→ **TASK REQUIREMENTS**: What is the number of lines in these entries that contain "circuit"? State it alone.

↓↓↓

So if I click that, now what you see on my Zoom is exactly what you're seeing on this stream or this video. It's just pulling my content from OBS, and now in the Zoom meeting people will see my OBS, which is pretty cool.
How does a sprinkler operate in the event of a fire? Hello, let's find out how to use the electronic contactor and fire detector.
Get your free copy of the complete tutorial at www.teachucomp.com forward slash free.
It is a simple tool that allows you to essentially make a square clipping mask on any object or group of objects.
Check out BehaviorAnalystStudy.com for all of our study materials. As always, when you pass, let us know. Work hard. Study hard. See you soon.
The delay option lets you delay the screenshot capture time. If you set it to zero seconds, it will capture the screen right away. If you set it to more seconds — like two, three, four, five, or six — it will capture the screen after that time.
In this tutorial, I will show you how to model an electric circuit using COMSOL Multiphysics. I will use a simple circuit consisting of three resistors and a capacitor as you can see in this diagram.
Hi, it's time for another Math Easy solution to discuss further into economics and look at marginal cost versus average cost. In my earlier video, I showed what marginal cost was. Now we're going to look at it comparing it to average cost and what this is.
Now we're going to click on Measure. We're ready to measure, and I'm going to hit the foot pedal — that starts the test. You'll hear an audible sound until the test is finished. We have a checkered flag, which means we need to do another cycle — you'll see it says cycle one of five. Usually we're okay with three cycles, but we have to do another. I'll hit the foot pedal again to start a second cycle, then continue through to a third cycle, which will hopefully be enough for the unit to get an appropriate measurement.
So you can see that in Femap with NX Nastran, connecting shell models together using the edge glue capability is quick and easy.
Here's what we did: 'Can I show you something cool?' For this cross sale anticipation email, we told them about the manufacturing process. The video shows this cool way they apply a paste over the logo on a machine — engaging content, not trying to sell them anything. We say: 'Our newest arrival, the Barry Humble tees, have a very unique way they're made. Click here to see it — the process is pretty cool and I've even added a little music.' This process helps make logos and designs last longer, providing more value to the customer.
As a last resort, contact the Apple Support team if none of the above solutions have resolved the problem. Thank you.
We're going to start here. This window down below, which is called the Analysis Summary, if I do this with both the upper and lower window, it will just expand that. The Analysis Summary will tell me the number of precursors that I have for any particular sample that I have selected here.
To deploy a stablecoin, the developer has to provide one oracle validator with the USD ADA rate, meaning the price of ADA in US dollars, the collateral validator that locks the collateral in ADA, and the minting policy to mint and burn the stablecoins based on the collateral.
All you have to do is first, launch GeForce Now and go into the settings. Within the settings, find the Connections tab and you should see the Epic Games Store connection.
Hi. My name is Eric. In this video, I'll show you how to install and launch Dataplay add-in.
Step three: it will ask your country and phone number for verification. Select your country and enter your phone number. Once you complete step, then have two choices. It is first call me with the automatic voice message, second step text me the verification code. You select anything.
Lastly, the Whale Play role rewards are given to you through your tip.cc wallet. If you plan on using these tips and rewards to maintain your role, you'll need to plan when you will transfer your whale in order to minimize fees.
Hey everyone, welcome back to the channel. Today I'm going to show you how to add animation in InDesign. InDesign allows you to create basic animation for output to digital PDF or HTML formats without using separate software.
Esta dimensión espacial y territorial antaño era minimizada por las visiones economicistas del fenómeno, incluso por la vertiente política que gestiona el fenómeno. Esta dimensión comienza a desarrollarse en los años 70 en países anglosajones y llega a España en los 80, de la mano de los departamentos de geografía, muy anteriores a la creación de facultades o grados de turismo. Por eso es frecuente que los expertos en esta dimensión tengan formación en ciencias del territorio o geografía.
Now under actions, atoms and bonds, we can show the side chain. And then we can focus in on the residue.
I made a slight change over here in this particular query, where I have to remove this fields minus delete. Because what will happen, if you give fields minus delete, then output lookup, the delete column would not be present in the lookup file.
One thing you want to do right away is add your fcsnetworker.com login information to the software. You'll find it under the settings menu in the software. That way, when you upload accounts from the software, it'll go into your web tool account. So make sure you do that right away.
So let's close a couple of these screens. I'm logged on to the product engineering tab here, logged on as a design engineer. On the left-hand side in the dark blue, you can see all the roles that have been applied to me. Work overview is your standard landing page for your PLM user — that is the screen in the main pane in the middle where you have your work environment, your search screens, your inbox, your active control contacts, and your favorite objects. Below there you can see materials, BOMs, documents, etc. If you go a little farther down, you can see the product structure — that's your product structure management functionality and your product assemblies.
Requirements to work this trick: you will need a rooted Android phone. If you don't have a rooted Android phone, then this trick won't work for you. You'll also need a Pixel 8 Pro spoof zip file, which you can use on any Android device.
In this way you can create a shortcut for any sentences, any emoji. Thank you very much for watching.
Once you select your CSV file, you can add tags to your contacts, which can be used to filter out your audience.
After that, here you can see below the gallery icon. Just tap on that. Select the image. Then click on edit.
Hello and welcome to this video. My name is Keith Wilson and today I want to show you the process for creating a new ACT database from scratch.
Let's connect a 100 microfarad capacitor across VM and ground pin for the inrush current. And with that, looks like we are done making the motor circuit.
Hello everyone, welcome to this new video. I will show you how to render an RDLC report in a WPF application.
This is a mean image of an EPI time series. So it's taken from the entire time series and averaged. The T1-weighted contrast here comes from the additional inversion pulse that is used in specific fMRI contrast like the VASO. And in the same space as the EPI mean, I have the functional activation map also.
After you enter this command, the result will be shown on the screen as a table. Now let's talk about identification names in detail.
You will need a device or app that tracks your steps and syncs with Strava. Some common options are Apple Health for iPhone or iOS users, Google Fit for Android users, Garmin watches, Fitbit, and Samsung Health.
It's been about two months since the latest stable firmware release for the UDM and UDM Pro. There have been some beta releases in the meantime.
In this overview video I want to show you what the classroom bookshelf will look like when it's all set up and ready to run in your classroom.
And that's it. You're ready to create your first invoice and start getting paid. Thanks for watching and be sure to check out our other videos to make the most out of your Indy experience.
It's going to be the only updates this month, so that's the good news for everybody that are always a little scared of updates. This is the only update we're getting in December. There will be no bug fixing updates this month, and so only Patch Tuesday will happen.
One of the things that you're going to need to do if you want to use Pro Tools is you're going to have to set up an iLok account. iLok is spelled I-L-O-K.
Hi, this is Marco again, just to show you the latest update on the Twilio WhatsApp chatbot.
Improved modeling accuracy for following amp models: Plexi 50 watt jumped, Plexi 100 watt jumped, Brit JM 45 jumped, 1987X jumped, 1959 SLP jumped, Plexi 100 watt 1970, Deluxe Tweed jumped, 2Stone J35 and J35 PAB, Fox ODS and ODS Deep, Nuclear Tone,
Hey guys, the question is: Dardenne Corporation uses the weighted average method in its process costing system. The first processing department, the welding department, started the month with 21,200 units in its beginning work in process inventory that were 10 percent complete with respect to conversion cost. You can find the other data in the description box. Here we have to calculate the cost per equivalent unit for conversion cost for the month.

↑↑↑

→ **ANSWER SPACE**: 2